My fellowship at the Center afforded me the remarkable opportunity to consolidate and enhance my scholarly work on the making of the View and further contextualize Jacopo de’ Barbari (c. 1460/1470–1516 or before) as its artist. While there, I made multiple presentations in varying forums that resulted in invaluable exchanges with colleagues at the Center and curators and conservators at the National Gallery of Art. My research has extended earlier scholarship developed for interactive displays first exhibited at Duke University and most recently at the Museo Correr. De’ Barbari, a Venetian artist invited to work north of the Alps by the Holy Roman Emperor in 1500, the year the View was first printed, is a fascinating and exceptional case, and the relationship of the View to his broader oeuvre has demanded greater consideration. Precious time at the National Gallery has advanced my understandings of de’ Barbari’s larger corpus of graphic works through close examination of the museum’s collection of prints. This includes a second-state set of the View, and its analysis has enriched my understandings of the paper, the largest sheets produced in Europe at the time of its first print run. For now, I am publishing my discoveries in the form of two articles: one, examining a selection of de’ Barbari’s engravings, will appear in an edited volume dedicated to Venetian disegno; the second, demonstrating the orchestration of the View’s invention, will be submitted to a scholarly journal.

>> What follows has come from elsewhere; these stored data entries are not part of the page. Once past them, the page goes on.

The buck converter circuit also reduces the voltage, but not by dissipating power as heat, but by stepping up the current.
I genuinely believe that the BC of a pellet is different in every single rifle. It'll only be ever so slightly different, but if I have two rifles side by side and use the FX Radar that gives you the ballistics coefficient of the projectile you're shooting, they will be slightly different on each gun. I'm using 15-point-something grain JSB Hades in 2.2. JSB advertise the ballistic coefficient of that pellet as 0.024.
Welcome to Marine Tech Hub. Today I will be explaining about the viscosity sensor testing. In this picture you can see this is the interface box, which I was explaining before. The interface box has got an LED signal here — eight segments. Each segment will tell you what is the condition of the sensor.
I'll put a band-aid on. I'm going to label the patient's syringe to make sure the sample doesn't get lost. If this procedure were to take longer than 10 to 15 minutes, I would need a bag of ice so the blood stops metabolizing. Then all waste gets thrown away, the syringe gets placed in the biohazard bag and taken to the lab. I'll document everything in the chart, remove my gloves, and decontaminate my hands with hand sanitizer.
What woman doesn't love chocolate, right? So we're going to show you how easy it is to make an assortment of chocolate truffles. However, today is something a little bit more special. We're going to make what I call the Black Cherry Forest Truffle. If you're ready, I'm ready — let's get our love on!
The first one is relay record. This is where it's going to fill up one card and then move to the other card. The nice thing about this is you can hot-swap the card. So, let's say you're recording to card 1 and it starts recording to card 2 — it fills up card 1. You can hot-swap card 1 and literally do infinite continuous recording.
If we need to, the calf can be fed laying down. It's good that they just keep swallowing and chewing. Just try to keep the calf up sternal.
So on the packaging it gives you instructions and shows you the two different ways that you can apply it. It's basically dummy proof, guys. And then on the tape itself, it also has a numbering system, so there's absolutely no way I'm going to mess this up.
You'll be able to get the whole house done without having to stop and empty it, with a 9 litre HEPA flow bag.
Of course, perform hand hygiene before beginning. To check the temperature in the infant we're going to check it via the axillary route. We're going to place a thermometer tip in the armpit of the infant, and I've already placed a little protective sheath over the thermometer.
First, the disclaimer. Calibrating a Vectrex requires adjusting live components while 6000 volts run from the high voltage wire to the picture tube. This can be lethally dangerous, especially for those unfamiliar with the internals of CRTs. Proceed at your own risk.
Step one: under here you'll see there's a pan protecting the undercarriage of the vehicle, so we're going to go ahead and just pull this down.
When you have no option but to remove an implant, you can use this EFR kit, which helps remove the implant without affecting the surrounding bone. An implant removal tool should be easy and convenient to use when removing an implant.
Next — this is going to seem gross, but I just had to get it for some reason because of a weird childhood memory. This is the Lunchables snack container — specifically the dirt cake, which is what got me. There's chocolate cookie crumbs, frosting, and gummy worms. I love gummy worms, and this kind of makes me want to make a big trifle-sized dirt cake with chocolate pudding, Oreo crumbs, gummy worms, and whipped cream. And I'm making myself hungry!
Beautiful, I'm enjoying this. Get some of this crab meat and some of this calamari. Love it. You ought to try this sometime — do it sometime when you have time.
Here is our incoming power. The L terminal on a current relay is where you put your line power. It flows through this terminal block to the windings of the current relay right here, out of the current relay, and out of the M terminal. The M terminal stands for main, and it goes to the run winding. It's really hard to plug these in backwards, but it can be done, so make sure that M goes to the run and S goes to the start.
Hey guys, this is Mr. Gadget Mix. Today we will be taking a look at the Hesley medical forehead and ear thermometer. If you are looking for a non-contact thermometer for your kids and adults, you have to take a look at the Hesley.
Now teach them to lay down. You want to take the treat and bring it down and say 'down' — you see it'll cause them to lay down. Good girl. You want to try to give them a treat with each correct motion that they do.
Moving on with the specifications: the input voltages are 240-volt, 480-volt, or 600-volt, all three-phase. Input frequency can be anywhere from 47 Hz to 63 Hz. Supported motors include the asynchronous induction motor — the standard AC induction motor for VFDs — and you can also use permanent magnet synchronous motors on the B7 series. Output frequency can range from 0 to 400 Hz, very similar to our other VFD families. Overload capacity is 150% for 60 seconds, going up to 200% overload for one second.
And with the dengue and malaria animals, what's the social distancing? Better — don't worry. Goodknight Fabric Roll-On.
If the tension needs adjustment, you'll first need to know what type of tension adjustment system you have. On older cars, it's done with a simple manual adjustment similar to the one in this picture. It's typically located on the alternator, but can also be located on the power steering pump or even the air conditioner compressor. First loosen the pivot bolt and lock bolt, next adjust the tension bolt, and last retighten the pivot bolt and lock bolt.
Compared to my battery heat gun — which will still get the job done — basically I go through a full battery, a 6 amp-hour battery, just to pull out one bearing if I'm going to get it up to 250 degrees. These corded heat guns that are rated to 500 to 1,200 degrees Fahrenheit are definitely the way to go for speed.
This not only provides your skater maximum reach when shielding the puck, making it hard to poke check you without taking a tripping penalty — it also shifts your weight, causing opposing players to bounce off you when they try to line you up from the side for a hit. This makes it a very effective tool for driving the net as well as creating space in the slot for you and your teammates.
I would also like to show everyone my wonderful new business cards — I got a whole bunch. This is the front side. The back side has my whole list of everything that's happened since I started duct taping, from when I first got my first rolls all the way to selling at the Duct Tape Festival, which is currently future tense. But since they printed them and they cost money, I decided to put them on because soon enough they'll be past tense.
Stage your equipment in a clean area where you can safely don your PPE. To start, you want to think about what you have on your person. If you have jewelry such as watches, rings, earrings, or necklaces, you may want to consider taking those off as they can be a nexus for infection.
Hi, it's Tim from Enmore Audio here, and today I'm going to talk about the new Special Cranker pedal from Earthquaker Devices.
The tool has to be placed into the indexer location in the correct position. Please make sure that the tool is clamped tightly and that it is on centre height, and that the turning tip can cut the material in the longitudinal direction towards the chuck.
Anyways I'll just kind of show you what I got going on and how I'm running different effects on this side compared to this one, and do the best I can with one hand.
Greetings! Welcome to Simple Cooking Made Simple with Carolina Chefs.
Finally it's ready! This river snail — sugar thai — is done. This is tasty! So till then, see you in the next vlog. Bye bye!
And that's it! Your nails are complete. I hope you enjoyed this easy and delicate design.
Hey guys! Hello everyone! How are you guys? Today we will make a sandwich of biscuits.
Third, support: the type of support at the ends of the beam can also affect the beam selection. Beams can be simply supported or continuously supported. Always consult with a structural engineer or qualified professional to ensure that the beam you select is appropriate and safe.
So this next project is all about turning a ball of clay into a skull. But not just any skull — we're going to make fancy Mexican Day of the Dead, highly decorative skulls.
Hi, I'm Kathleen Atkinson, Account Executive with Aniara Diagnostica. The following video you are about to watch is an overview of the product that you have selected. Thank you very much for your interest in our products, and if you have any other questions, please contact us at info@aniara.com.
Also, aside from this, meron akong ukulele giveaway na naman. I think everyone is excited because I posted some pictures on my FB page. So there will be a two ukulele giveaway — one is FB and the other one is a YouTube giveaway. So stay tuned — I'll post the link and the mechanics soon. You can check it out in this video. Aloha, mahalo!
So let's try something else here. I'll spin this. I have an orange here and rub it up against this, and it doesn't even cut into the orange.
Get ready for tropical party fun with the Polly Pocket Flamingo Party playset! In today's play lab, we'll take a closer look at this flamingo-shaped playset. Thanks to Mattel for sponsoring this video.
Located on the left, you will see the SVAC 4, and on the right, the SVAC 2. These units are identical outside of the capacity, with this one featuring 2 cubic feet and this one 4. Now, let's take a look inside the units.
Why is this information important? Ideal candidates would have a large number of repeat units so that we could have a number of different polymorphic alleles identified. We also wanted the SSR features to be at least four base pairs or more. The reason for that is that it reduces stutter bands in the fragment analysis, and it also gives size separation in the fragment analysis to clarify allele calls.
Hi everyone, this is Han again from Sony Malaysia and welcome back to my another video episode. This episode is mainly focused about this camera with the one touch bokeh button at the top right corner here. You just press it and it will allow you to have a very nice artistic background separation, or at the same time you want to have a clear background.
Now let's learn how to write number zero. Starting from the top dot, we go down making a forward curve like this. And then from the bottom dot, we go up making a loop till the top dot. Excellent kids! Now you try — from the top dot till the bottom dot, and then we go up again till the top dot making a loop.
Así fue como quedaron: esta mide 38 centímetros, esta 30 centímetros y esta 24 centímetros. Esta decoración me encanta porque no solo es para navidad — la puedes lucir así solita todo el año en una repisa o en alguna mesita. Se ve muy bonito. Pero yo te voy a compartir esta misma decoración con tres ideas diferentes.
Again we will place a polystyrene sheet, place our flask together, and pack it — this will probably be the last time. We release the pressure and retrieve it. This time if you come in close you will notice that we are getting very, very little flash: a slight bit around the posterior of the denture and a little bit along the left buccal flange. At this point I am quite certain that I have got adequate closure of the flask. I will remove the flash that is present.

In addition, I have continued to develop a digital repository of de’ Barbari’s prints. This resource holds the potential to cross institutional boundaries—a simple yet effective tool for shareable, in-depth study and engagement. Enhanced visual observation through digital tools has helped me answer unresolved questions about one of the greatest technological and artistic masterpieces of its time. Art-historical methods of the 21st century have thus come together to reveal the richness and originality of the visual inventions of the Renaissance.
Ailsa Mellon Bruce Visiting Senior Fellowship, spring 2022
Kristin Love Huffman is a lecturing fellow in the Department of Art, Art History & Visual Studies at Duke University and codirector of Visualizing Venice/Visualizing Cities. Her edited volume, A View of Venice: Portrait of a Renaissance City, is forthcoming with Duke University Press.